Returns either an array of Hausdorff distances, or a species-indexed dict of arrays (for the “sample per species” mode).
- class rascal.utils.CURFilter(representation, Nselect, act_on='sample per species', selector_args={}, **kwargs)[source]
Both inherit the interface of the following base class:
- class rascal.utils.filter.Filter(representation, Nselect, selector, act_on='sample per species')[source]
A super class for filtering representations based upon a standard sample or feature selection class.
This is mainly a wrapper around selectors (implemented e.g. in scikit-cosmo) that handles the semantic-index transformations required after selection.
- Parameters
representation (Calculator) – Representation calculator associated with the kernel
Nselect (int) – number of points to select. If act_on=’sample per species’ then it should be a dictionary mapping atom type to the number of samples, e.g. Nselect = {1:200,6:100,8:50}.
selector (selector to use for filtering. The selector should) – have a fit function, which when called will select from the input matrix the desired features / samples and a get_support function which takes parameters indices and ordered, and returns a list of selection indices, in the order that they were selected, when indices=True and ordered=True.
act_on (string) – Select how to apply the selection. Can be either of ‘sample’, ‘sample per species’,’feature’. Default ‘sample per species’. Note that for ‘feature’ mode only the SphericalInvariants representation is supported.
IO
Utilities for loading and saving Rascal objects (especially models)
- rascal.utils.dump_obj(fn, instance, version='0.1')[source]
Save a python object that inherits from the BaseIO class
- Parameters
fn (string) – path to save instance
instance (class) – python object that inherits from the BaseIO class
version (string, optional) – serialization version to use, by default CURRENT_VERSION
- Raises
RuntimeError – When instance does not inherit from BaseIO
- rascal.utils.load_obj(fn)[source]
Load a python object from a file
- Parameters
fn (string) – path to the file describing the saved object
- Returns
- Return type
python class that inherits from BaseIO
- class rascal.utils.BaseIO[source]
Interface of a Python class serializable by to_dict()

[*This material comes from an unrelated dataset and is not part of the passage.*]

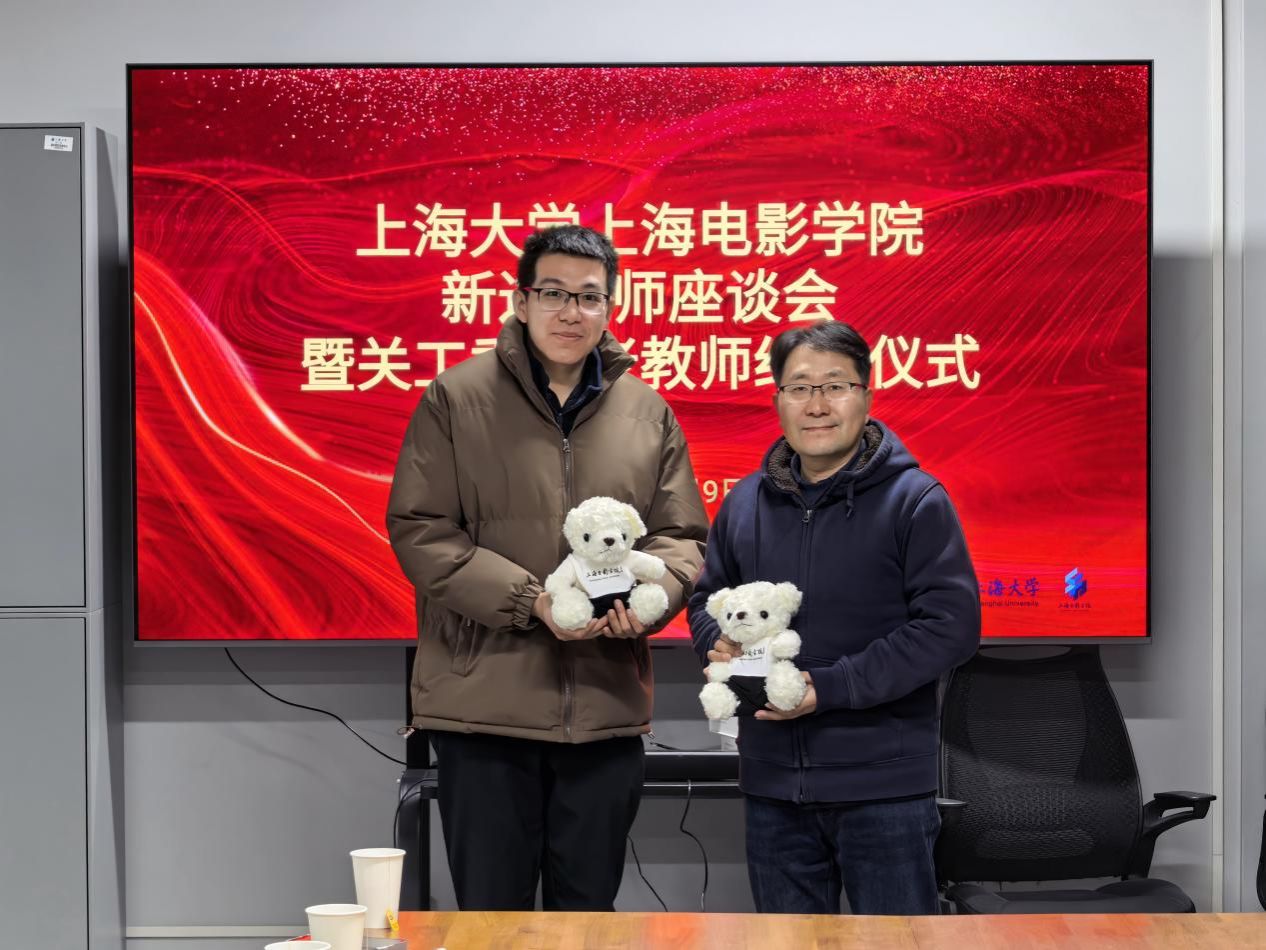 CD4B86DA3A348D7E1CB920C848A_4974BB11_26D98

It corresponds to 3 methods:
_get_init_params is expected to return a dictionary containing all the
parameters used by the __init__() methods.
_get_data is expected to return a dictionary containing all the data
that is not set by the initialization of the class.
_set_data is expected to set the data that has been extracted by _get_data
The underlying c++ objects are not pickle-able so deepcopy does not work out of the box. This class provides an override of the __deepcopy__() function so that classes that inherit from this base class can be deepcopied.